:: Records supplied

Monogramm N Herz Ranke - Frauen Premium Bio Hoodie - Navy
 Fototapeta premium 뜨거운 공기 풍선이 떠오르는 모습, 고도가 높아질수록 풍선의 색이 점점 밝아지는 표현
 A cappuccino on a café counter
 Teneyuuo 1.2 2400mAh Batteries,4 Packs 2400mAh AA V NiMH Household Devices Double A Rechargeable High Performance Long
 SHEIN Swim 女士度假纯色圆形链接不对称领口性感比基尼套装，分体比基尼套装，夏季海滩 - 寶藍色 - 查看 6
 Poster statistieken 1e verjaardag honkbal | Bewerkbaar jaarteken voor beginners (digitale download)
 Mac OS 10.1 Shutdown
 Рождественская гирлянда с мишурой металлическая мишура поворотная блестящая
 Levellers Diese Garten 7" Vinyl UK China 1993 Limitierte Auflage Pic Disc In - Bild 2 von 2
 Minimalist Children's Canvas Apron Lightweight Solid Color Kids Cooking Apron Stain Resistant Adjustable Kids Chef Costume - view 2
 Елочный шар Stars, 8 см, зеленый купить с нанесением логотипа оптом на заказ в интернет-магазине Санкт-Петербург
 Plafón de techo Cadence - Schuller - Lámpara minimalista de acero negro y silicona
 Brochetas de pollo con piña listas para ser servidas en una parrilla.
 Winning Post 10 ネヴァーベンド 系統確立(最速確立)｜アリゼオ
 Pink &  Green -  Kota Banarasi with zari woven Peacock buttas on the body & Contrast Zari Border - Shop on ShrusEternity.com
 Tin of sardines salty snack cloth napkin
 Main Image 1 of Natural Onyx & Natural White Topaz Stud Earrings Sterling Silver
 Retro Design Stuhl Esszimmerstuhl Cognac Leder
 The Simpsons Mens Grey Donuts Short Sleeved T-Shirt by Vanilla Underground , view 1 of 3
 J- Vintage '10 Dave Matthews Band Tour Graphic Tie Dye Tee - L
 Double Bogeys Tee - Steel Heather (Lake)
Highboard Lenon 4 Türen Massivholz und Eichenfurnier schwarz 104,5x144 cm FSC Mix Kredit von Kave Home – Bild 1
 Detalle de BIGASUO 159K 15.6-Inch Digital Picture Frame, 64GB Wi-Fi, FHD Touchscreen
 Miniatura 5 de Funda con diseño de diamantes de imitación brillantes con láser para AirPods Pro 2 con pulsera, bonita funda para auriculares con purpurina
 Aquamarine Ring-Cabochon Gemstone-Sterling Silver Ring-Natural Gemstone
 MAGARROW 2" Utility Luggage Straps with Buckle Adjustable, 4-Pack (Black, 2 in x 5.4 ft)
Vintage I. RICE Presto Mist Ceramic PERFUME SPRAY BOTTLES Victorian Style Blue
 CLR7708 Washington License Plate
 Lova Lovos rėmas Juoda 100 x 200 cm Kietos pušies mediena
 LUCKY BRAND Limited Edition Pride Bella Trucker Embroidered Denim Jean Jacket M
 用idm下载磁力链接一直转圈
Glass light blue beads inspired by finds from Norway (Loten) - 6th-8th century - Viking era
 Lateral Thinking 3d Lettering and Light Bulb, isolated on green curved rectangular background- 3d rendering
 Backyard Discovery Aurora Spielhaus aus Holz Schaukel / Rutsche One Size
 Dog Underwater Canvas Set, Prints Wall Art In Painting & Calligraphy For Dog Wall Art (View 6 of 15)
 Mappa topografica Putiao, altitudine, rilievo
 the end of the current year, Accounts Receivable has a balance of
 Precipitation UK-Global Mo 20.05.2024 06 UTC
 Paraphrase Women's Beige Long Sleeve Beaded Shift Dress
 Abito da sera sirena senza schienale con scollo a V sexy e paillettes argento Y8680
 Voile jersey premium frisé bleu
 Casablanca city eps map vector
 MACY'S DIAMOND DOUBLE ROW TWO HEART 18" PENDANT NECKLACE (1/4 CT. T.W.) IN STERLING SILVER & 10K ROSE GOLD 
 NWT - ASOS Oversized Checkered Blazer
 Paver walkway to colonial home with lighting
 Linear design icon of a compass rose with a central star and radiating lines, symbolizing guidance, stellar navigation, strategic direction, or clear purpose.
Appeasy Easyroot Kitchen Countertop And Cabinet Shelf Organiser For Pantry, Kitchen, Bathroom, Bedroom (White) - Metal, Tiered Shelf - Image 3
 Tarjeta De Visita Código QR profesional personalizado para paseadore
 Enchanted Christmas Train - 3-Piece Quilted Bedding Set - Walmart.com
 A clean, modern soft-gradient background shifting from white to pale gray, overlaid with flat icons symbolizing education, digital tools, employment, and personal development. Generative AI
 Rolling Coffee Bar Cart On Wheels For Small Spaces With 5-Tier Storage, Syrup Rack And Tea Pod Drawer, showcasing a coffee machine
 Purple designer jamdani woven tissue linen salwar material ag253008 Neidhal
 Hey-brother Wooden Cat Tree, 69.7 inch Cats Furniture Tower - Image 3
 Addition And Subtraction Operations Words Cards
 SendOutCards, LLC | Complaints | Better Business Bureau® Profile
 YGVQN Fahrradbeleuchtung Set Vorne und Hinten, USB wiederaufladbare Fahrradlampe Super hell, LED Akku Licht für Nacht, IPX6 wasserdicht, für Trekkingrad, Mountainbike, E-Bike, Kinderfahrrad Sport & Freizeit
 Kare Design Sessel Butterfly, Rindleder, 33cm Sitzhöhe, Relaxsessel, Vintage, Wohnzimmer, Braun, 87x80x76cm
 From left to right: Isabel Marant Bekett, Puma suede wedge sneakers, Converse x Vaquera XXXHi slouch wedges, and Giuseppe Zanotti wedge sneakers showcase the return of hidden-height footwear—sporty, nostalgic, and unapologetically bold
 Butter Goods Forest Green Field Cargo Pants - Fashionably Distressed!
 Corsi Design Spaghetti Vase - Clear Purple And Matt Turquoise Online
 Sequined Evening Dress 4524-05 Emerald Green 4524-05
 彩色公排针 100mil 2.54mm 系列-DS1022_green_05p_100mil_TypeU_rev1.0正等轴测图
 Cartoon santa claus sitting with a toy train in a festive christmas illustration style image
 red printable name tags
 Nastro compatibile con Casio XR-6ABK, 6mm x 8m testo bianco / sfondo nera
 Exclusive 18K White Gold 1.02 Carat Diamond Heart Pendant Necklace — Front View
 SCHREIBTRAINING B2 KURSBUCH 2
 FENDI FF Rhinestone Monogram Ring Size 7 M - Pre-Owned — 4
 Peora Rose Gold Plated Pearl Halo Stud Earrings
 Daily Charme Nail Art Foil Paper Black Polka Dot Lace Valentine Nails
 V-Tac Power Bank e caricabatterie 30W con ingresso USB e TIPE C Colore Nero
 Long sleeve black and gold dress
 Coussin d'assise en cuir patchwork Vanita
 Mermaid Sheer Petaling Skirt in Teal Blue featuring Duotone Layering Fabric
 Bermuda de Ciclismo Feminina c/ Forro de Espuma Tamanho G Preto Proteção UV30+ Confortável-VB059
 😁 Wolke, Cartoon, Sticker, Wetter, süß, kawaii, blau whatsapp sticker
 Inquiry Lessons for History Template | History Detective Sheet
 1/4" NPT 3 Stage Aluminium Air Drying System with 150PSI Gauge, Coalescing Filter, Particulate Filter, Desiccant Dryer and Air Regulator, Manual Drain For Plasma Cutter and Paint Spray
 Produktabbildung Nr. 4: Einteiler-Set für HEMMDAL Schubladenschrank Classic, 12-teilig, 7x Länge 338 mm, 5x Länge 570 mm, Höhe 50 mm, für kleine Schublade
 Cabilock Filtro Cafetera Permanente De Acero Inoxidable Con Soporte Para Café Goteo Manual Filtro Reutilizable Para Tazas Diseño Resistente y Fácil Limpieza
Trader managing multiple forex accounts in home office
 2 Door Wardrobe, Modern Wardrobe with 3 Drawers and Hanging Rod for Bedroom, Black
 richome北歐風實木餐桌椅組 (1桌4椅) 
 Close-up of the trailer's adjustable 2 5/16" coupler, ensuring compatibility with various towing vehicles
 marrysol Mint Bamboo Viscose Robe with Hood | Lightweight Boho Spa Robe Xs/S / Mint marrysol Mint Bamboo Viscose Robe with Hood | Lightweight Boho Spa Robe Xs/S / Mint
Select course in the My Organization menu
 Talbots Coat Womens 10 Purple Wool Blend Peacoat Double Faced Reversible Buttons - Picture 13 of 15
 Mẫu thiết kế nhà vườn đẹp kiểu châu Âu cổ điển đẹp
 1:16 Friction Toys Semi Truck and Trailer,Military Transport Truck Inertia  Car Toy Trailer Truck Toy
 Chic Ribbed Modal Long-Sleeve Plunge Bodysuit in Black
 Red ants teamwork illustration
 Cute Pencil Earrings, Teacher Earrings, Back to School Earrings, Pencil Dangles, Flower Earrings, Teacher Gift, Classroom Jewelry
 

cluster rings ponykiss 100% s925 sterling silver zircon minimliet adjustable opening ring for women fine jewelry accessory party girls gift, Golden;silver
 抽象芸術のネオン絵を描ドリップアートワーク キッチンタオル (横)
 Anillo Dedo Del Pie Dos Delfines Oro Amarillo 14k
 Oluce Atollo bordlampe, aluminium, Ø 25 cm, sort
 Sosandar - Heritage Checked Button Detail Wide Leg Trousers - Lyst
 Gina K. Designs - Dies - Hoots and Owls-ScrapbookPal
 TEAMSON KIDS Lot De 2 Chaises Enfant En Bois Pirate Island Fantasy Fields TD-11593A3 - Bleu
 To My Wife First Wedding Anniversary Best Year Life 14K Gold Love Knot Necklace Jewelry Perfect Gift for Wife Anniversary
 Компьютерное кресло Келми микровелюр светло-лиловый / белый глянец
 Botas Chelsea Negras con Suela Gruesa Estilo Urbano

::::

What to work on: In the listing above, find the line with "Coussin d'assise en cuir patchwork Vanita" and the line with "Mint marrysol Mint"; output exactly those lines and all lines between them.

Task solution:
 Coussin d'assise en cuir patchwork Vanita
 Mermaid Sheer Petaling Skirt in Teal Blue featuring Duotone Layering Fabric
 Bermuda de Ciclismo Feminina c/ Forro de Espuma Tamanho G Preto Proteção UV30+ Confortável-VB059
 😁 Wolke, Cartoon, Sticker, Wetter, süß, kawaii, blau whatsapp sticker
 Inquiry Lessons for History Template | History Detective Sheet
 1/4" NPT 3 Stage Aluminium Air Drying System with 150PSI Gauge, Coalescing Filter, Particulate Filter, Desiccant Dryer and Air Regulator, Manual Drain For Plasma Cutter and Paint Spray
 Produktabbildung Nr. 4: Einteiler-Set für HEMMDAL Schubladenschrank Classic, 12-teilig, 7x Länge 338 mm, 5x Länge 570 mm, Höhe 50 mm, für kleine Schublade
 Cabilock Filtro Cafetera Permanente De Acero Inoxidable Con Soporte Para Café Goteo Manual Filtro Reutilizable Para Tazas Diseño Resistente y Fácil Limpieza
Trader managing multiple forex accounts in home office
 2 Door Wardrobe, Modern Wardrobe with 3 Drawers and Hanging Rod for Bedroom, Black
 richome北歐風實木餐桌椅組 (1桌4椅) 
 Close-up of the trailer's adjustable 2 5/16" coupler, ensuring compatibility with various towing vehicles
 marrysol Mint Bamboo Viscose Robe with Hood | Lightweight Boho Spa Robe Xs/S / Mint marrysol Mint Bamboo Viscose Robe with Hood | Lightweight Boho Spa Robe Xs/S / Mint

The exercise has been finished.